### Supplied data
=-=-=
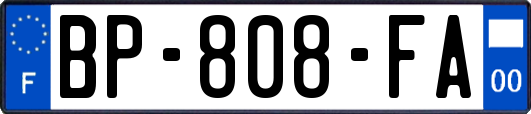 BP-808-FA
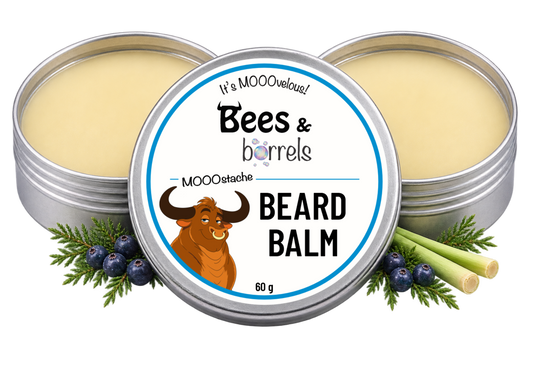 Tallow Beard Balm
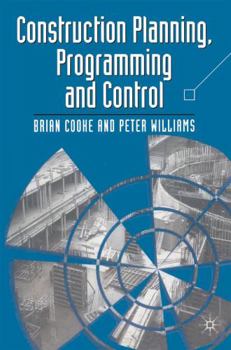 Paperback Construction Planning, Programming and Control Book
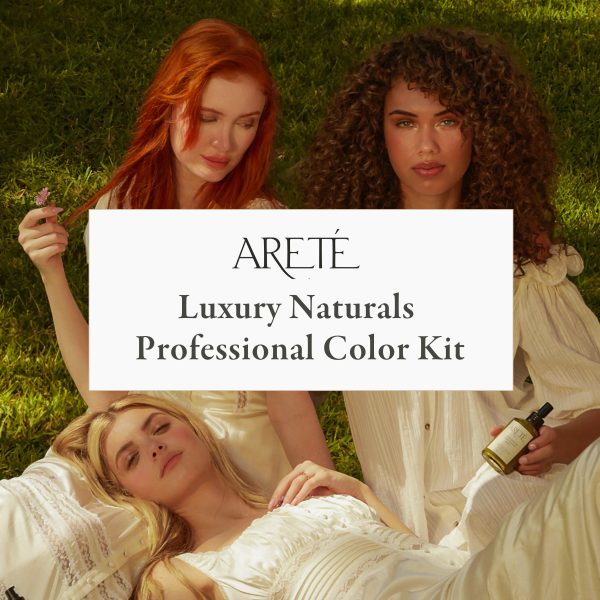 Areté Luxury Naturals Kit For Sale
=-=-=
None of the pictures should be reproduced; all other material above must be set down exactly.

### Response to the task
 BP-808-FA
 Tallow Beard Balm
 Paperback Construction Planning, Programming and Control Book
 Areté Luxury Naturals Kit For Sale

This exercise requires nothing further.